Please output all of the entries exactly and omit any images they hold.

Records from a collection
++++
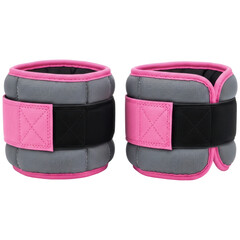 Pair of grey and pink adjustable ankle weights for fitness and exercise
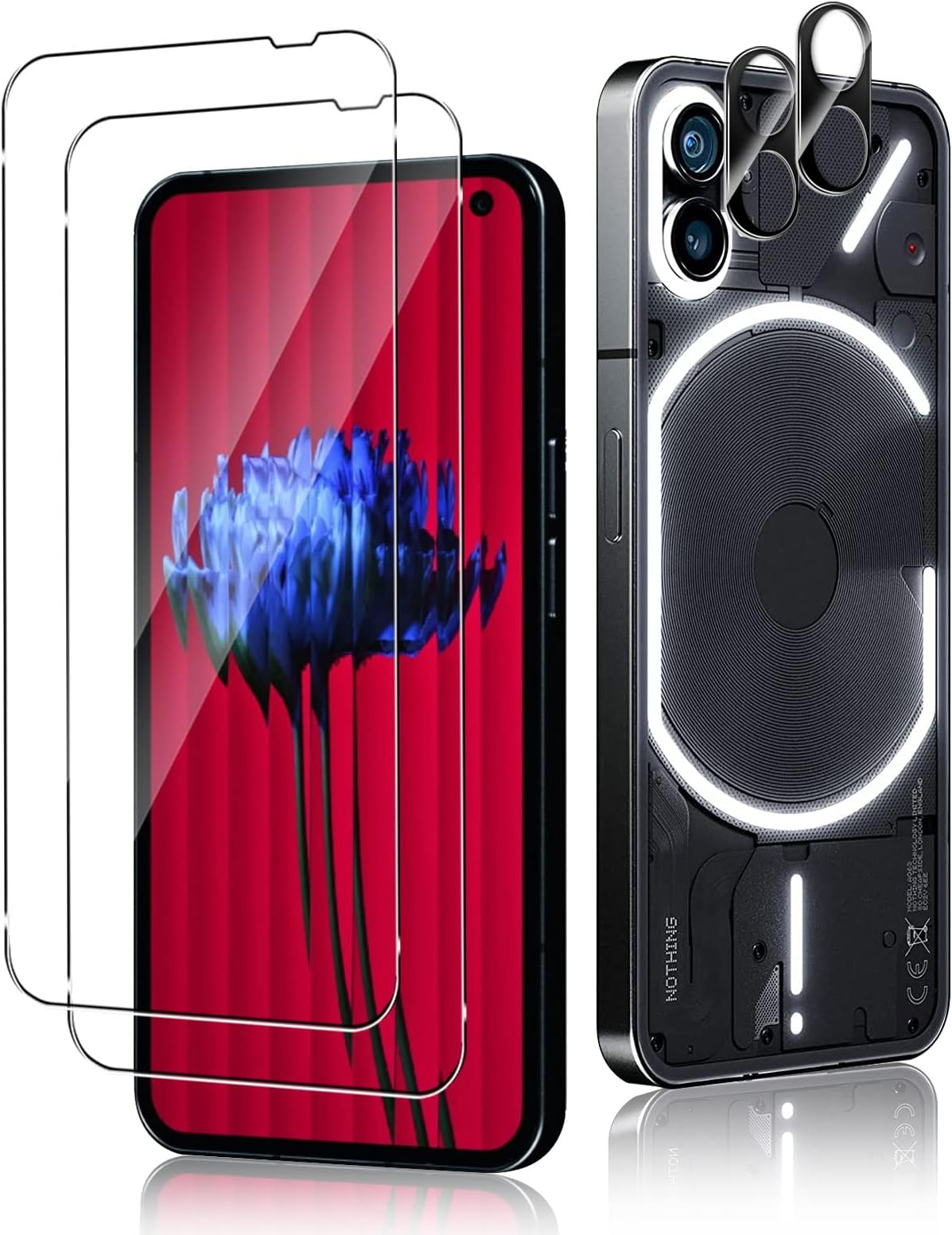 Funrae Screen Protector for Nothing Phone 1 + Camera Screen Protector [2 + 2 Pieces], HD 9H Hardness Anti-Scratch Protective Glass Bubble-Free Screen Protector Film - Transparent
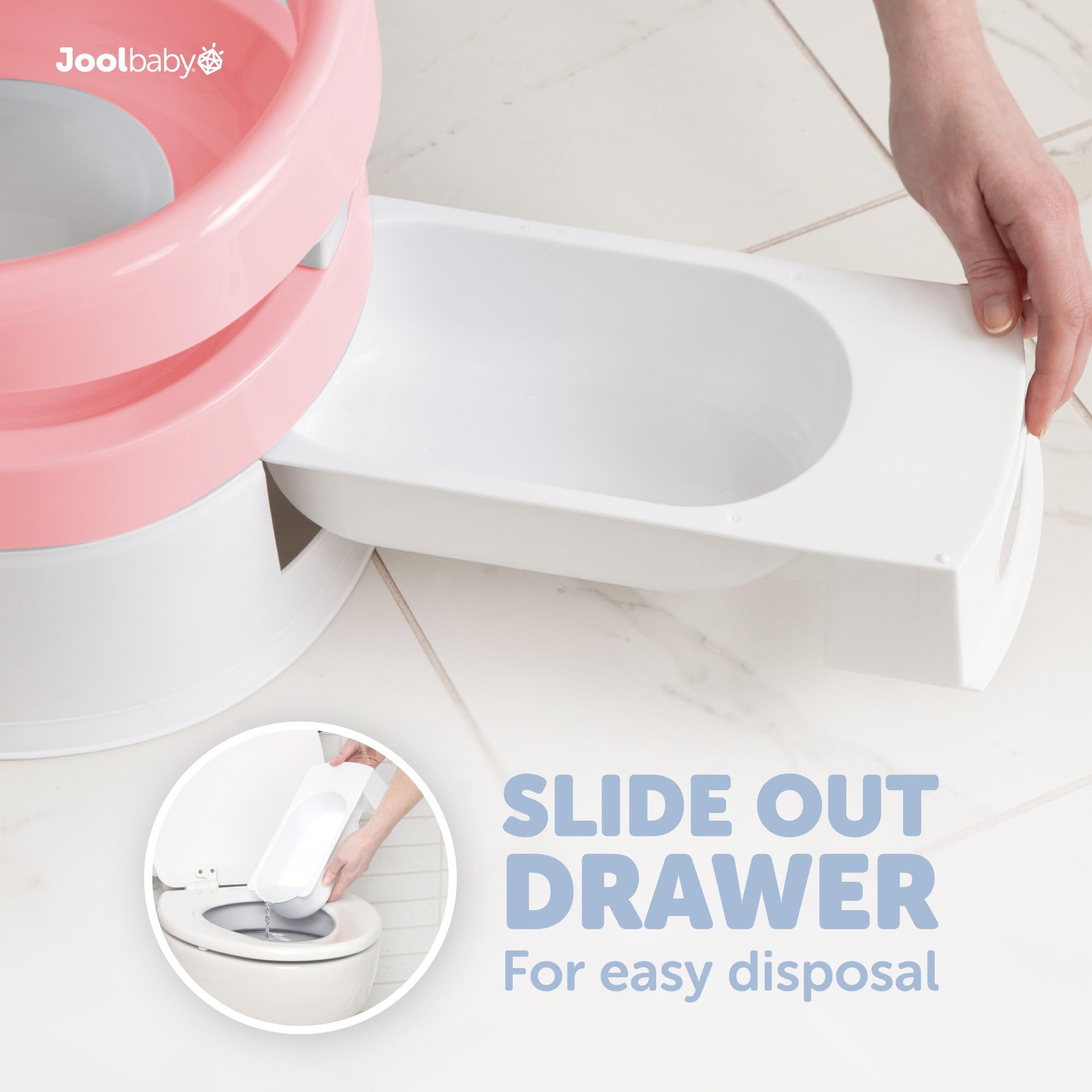 Jool Baby Potty Chair for Toddler Toilet Training - Splash Guard & Back Support (Pink)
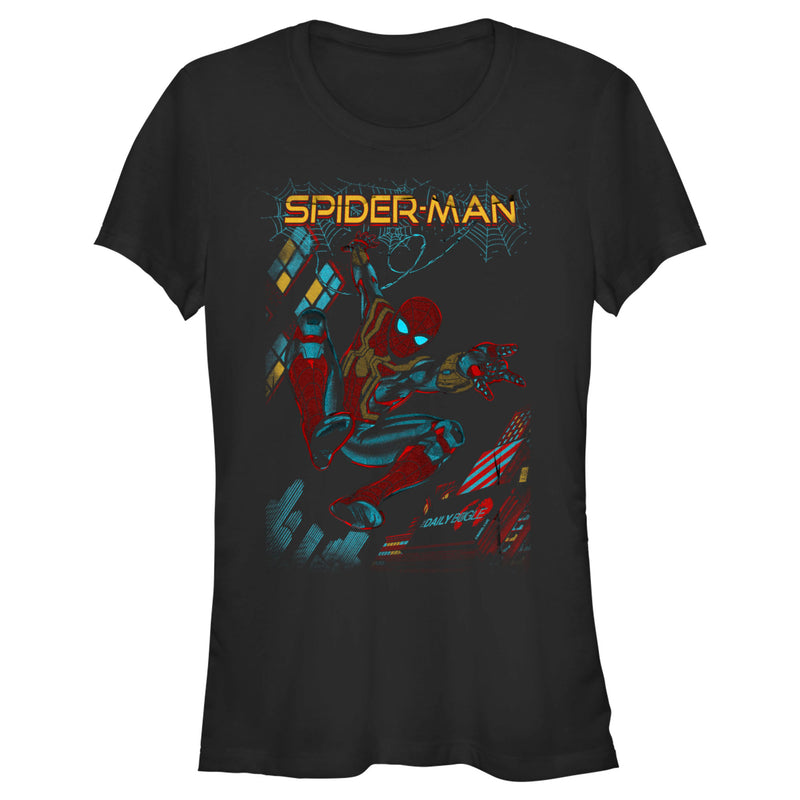 Junior's Marvel Spider-Man: No Way Home Slinging Cover T-Shirt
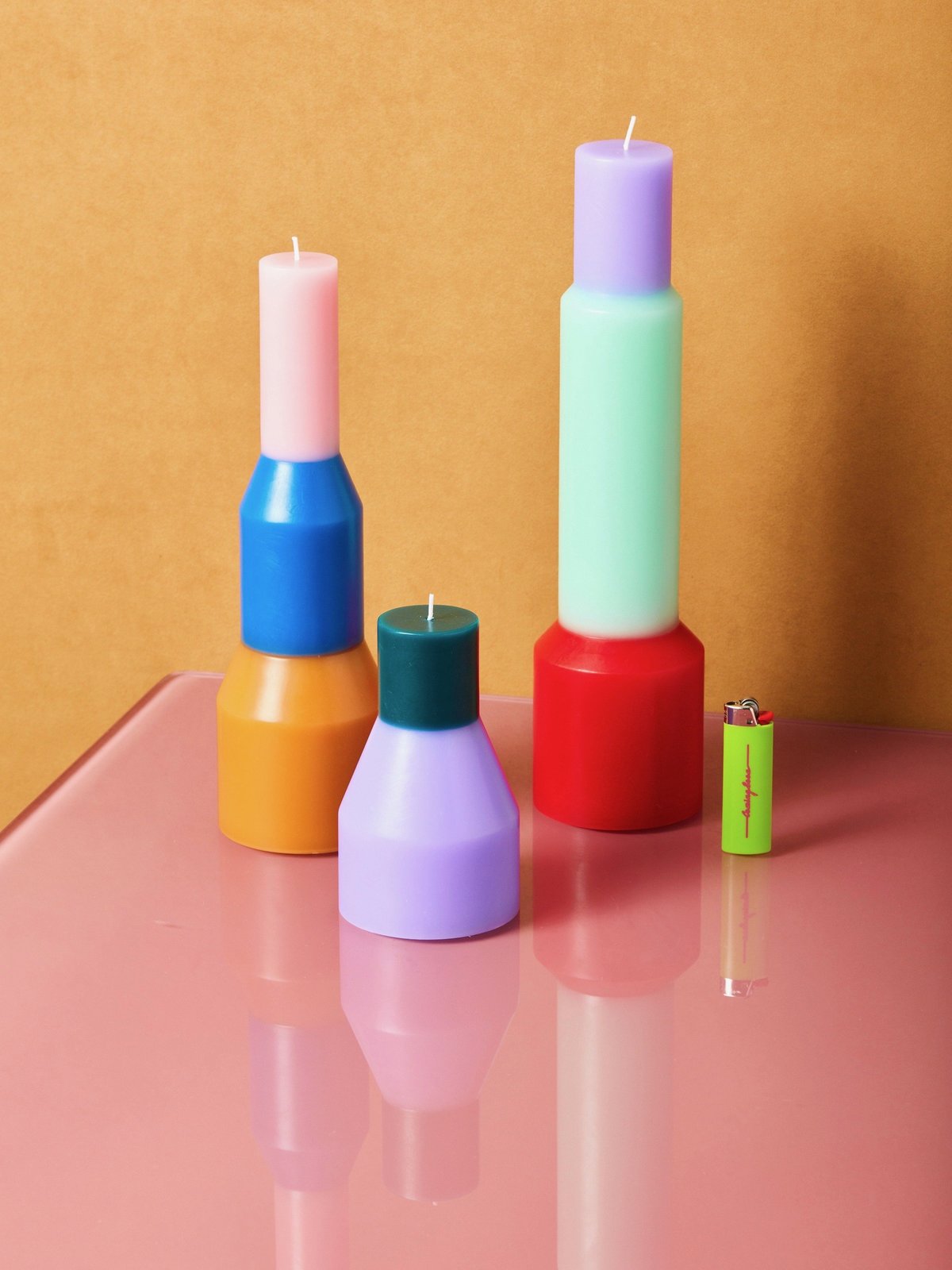 Vibrant Pillar Rainbow Candles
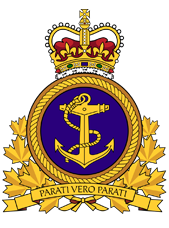 A gold anchor emblem with a crown above and maple leaves, featuring the motto Parati Vero Parati.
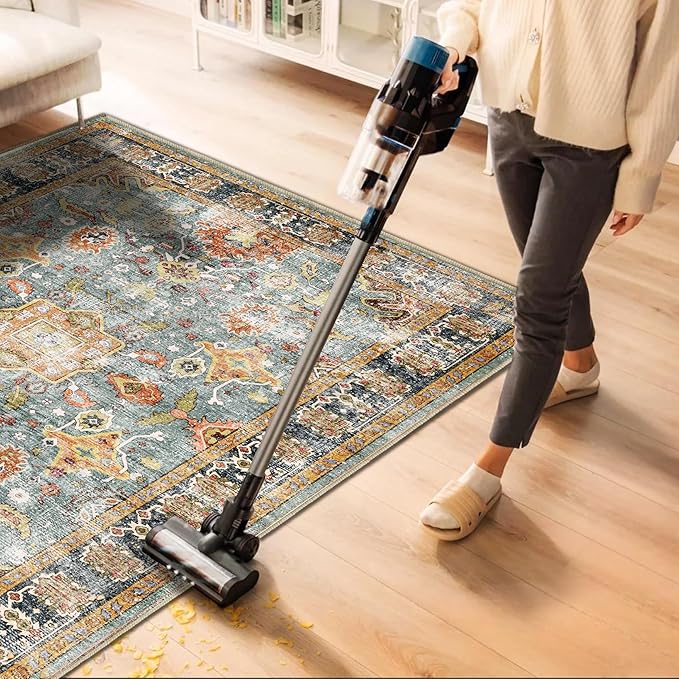 CHAMPLANT Area Rug 10'x14' Washable Vintage Traditional Mat Distressed Indoor Foldable Thin Retro Accent Floral Print Non Slip Carpet for Living Room Dining Room Office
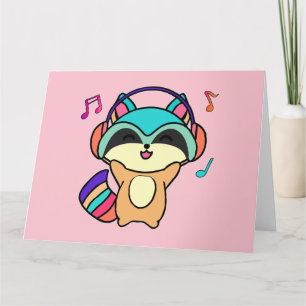 Tarjeta De Agradecimiento Feliz sonriente bebé mapache con auriculares.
++++
> _Finished task_
 Pair of grey and pink adjustable ankle weights for fitness and exercise
 Funrae Screen Protector for Nothing Phone 1 + Camera Screen Protector [2 + 2 Pieces], HD 9H Hardness Anti-Scratch Protective Glass Bubble-Free Screen Protector Film - Transparent
 Jool Baby Potty Chair for Toddler Toilet Training - Splash Guard & Back Support (Pink)
 Junior's Marvel Spider-Man: No Way Home Slinging Cover T-Shirt
 Vibrant Pillar Rainbow Candles
 A gold anchor emblem with a crown above and maple leaves, featuring the motto Parati Vero Parati.
 CHAMPLANT Area Rug 10'x14' Washable Vintage Traditional Mat Distressed Indoor Foldable Thin Retro Accent Floral Print Non Slip Carpet for Living Room Dining Room Office
 Tarjeta De Agradecimiento Feliz sonriente bebé mapache con auriculares.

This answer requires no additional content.